### ASSIGNMENT
Leave the pictures out, and transcribe the material below exactly from the line with "防爆二號茶色玻璃拔火罐" to the line with "-闻道食府烙饼卷带鱼(原车耳营店原大觉寺店)", both lines included.

### PROVIDED RECORDS
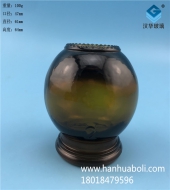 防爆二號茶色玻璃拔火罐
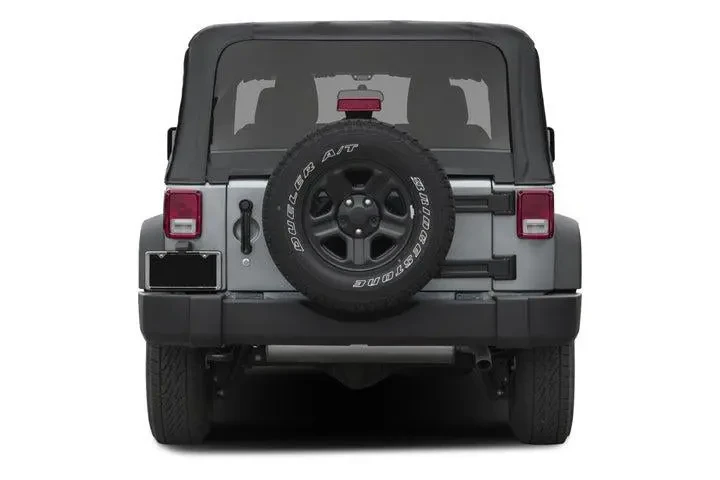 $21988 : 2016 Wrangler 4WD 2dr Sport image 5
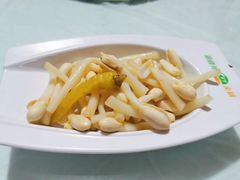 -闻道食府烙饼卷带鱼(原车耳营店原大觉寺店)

---

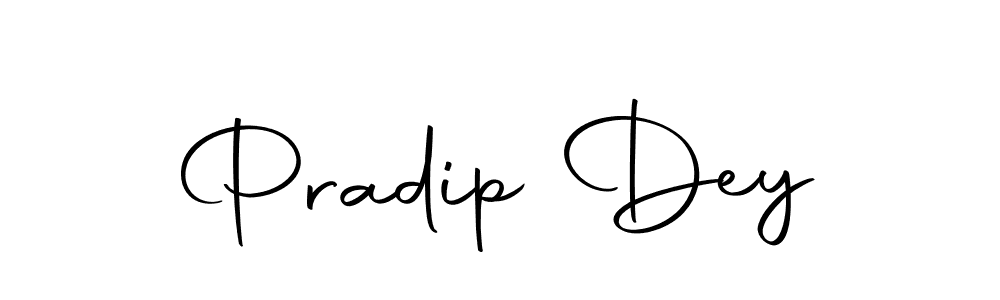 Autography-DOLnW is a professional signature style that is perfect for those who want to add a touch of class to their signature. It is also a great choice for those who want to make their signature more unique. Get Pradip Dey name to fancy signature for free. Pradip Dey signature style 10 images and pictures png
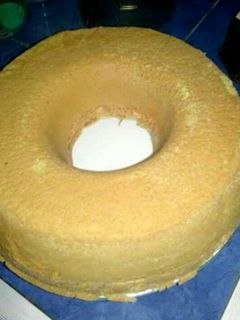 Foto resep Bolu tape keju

### EXERCISE RESULT
 防爆二號茶色玻璃拔火罐
 $21988 : 2016 Wrangler 4WD 2dr Sport image 5
 -闻道食府烙饼卷带鱼(原车耳营店原大觉寺店)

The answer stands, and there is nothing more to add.